Interception losses for storms larger than \(P'\):

\[E_i = (1 - p - p_{Tr}) P' + \frac{\overline{E}}{\overline{R}} (P - P')\]

Where:

\(\overline{R}\)

average precipitation [mm/d]

\(\overline{E}\)

average evaporation during storms [mm/d]

\(S\)

storage capacity of the canopy [mm]

\(p\)

free throughfall coefficient

\(p_{Tr}\)

stemflow coefficient

\(P\)

precipitation [mm/d]

\(E_i\)

interception loss [mm]

VAMPS can calculate the ratio \(\overline{E}/\overline{R}\) from the Penman–Monteith equation or use a fixed value (generally preferable, as Penman–Monteith with \(R_s = 0\) is not very accurate during storms due to advective energy).

VAMPS also allows the parameters \(S\), \(p\), and \(p_{Tr}\) to be linked to the Leaf Area Index (LAI) using the method of [11].

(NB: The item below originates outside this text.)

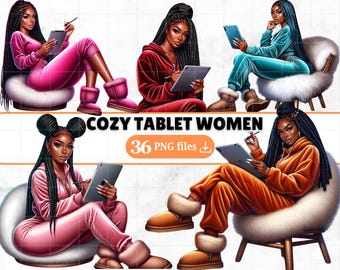 Peut inclure: Illustrations numériques de femmes en tenues confortables, chacune avec une tablette et un stylet. Les femmes sont représentées en survêtements et bottes de différentes couleurs, assises sur des fauteuils moelleux. Le texte "COZY TABLET WOMEN" et "36 PNG files" est également visible.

A version of the Gash model adapted for sub-daily time-steps is also available, in which the canopy storage \(S\) is reduced by the actual canopy storage at each time-step. Tests show that results from this adapted version and the standard daily version differ by no more than 2 %.

Calder regression model

[12] presented a simple regression model for interception loss that can adequately describe interception of forests in the UK:

\[E_i = \gamma \left[ 1 - \exp(-\delta P) \right]\]

Where:

\(E_i\)

interception loss [mm/d]

\(P\)

precipitation [mm/d]

\(\gamma\)

maximum interception loss per day [mm]

\(\delta\)

fitting parameter

Interception as a fraction of LAI

\[E_i = \min(P,\; \text{laifrac} \times LAI)\]

Where:

\(E_i\)

interception loss [mm/d]

\(P\)

precipitation [mm/d]

\(\text{laifrac}\)

interception fraction (approximately equal to canopy storage per unit LAI)

\(LAI\)

leaf area index

This method describes total interception well but fails on a storm-by-storm basis (used in the TOPOG model [13]). It is well suited for applications in which the canopy changes in time.

Rutter’s model

[8] developed a numerical interception model based on canopy storage. Hourly (preferably 5-minute) meteorological data are required:

\[dC/dt = P(1 - p - p_{Tr}) - (C/S) E_c - D_r\]

Where:

\(t\)

time-step [hour]

\(C\)

amount of water in the canopy

\(P\)

gross precipitation [mm/h]

\(p\)

free throughfall coefficient

\(p_{Tr}\)

proportion of water discharged via stem flow

\(S\)

canopy storage capacity [mm]

\(E_c\)

evaporation rate from wet canopy [mm/h]

\(D_r\)

drainage speed from storage in canopy [mm/h]

The model is rather insensitive to both \(S\) and \(p\) [14].